### SUPPLIED INFORMATION
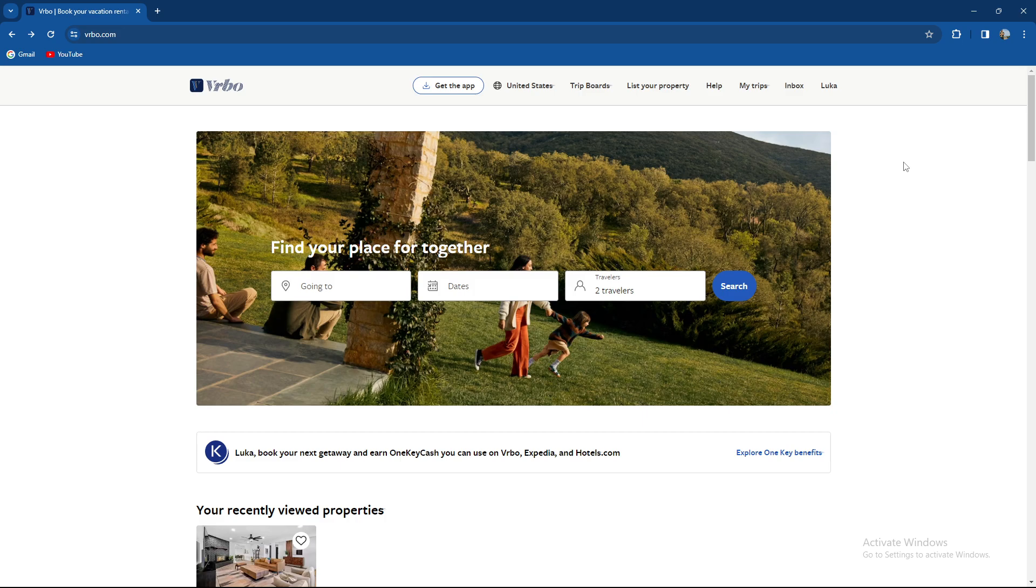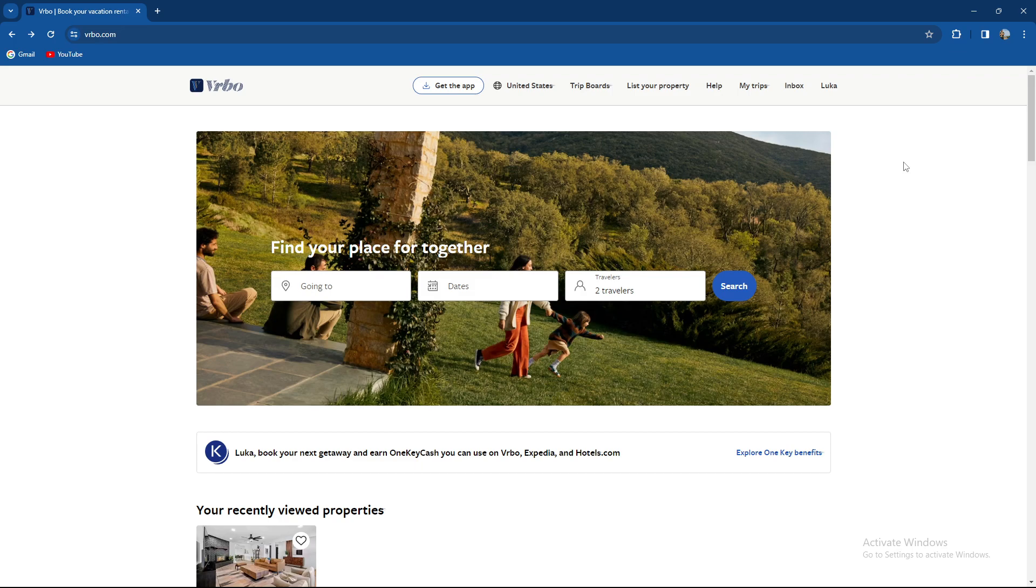If you're a OneKey member, sign in to your account and select your name then my profile. Select settings then navigate to account management section and select delete account.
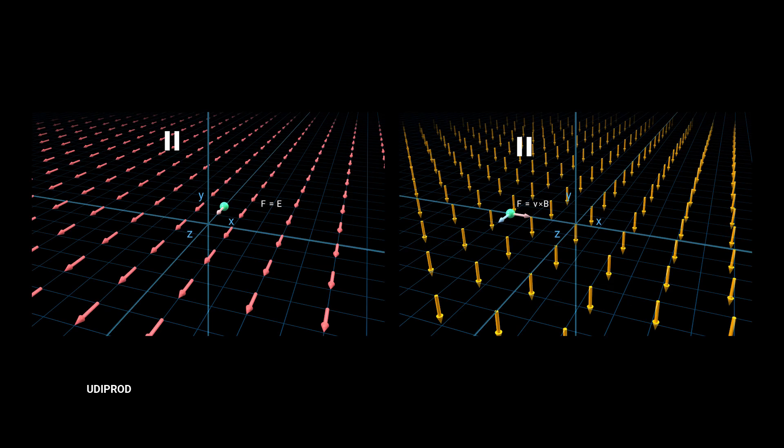In the previous episode, we saw two types of fields: an electric field and a magnetic field. We saw that they have different effects governed by different rules.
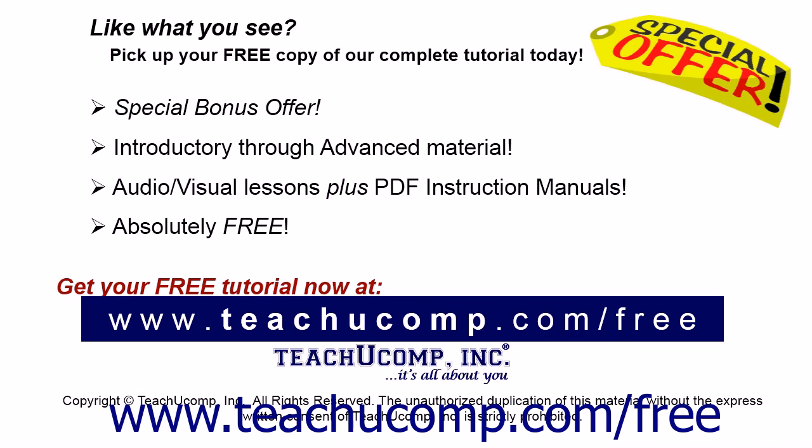Like what you see? Pick up your free copy of the complete tutorial at www.teachucomp.com/free.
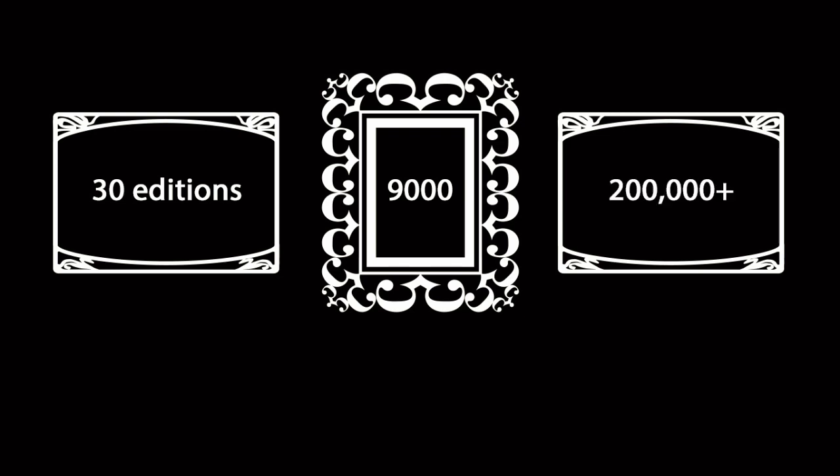In the last 10 years, we've held 30 editions of the fair successfully. And would you believe, that adds up to 9,000 exhibitors and over 200,000 pieces of art and design from almost every continent on the planet.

### WORK REQUEST
To complete the exercise, return the listing above exactly and omit its pictures.

### EXPECTED ANSWER
If you're a OneKey member, sign in to your account and select your name then my profile. Select settings then navigate to account management section and select delete account.
In the previous episode, we saw two types of fields: an electric field and a magnetic field. We saw that they have different effects governed by different rules.
Like what you see? Pick up your free copy of the complete tutorial at www.teachucomp.com/free.
In the last 10 years, we've held 30 editions of the fair successfully. And would you believe, that adds up to 9,000 exhibitors and over 200,000 pieces of art and design from almost every continent on the planet.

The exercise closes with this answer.